I tried using readlines() to just print all lines of the source to the screen, and that gave me the source in its entirety, but I need to be able to parse it with regex, so I need to store it in a variable somehow. Help?
data = urllib2.urlopen(url)
print data
Only gives me about 1/3 of the source.
data = urllib2.urlopen(url)
for lines in data.readlines()
print lines
This gives me the entire source.
Like I said, I need to be able to parse the string with regex, but the part I need isn't in the first 1/3 I'm able to store in my variable.
You probably are looking for beautiful soup: http://www.crummy.com/software/BeautifulSoup/ It's an open source web parsing library for python. Best of luck!
You should be able to use file.read() to read the entire file into a string. That will give you the entire source. Something like
data = urllib2.urlopen(url)
print data.read()
should give you the entire webpage.
From there, don't parse HTML with regex (well-worn post to this effect here), but use a dedicated HTML parser instead. Alternatively, clean up the HTML and convert it to XHTML (for instance with HTML Tidy), and then use an XML parsing library like the standard ElementTree. Which approach is best depends on your application.
Actually, print data should not give you any html content because its just a file pointer. Official documentation https://docs.python.org/2/library/urllib2.html:
This function returns a file-like object
This is what I got :
print data
<addinfourl at 140131449328200 whose fp = <socket._fileobject object at 0x7f72e547fc50>>
readlines() returns list of lines of html source and you can store it in a string like :
import urllib2
data = urllib2.urlopen(url)
l = []
s = ''
for line in data.readlines():
l.append(line)
s = '\n'.join(l)
You can either use list l or string s, according to your need.

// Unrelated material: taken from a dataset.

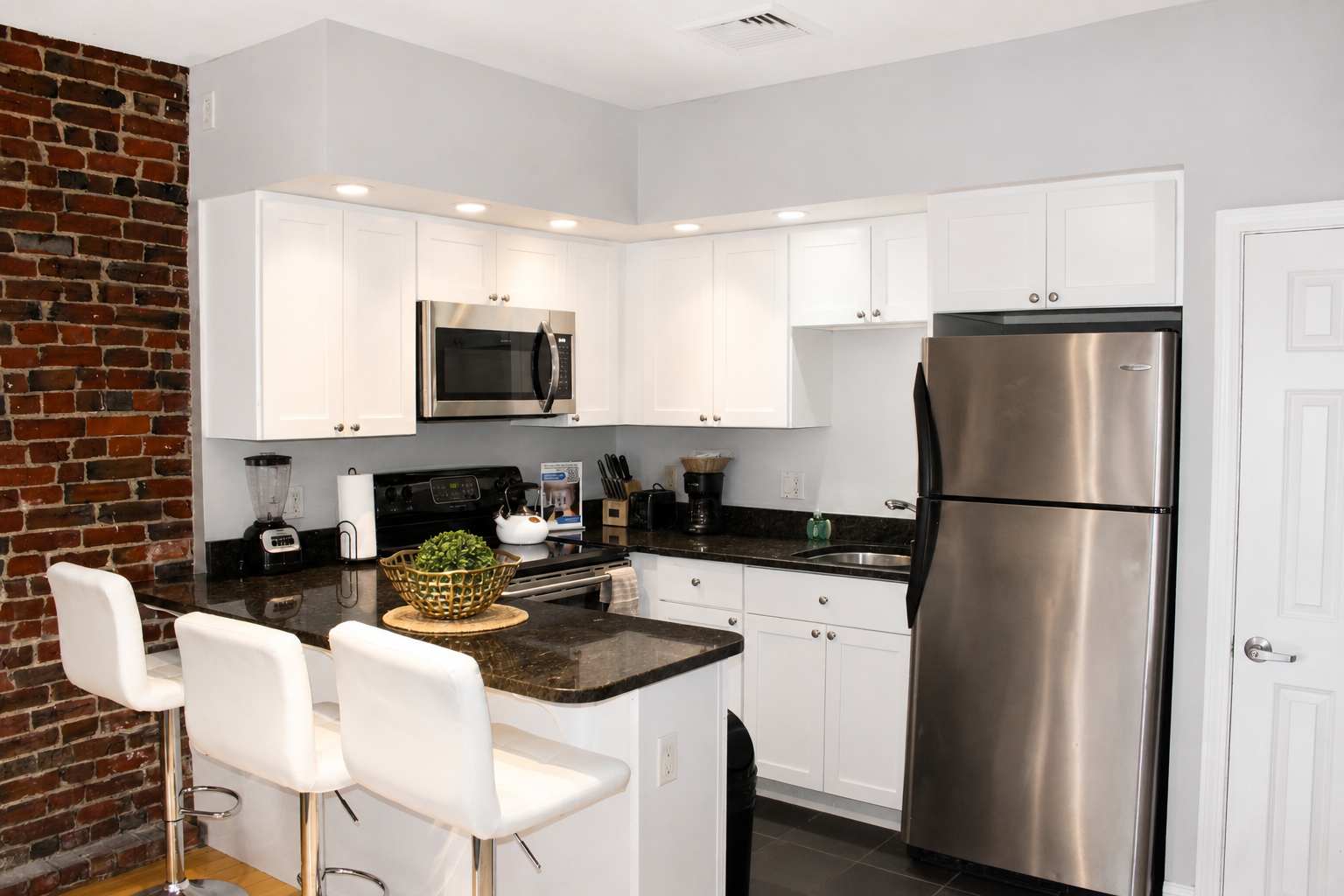 Near Boston Common, North End & Tufts Medical Center, Ground Level...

I would also recommend to use opensource web parsing libraries for easy work rather than using regex for complete HTML parsing, any way u need regex for url parsing.
If you want to parse over the variable afterwards you might use gazpacho:
from gazpacho import Soup
url = "https://www.example.com"
soup = Soup.get(url)
str(soup)
That way you can perform finds to extract the information you're after!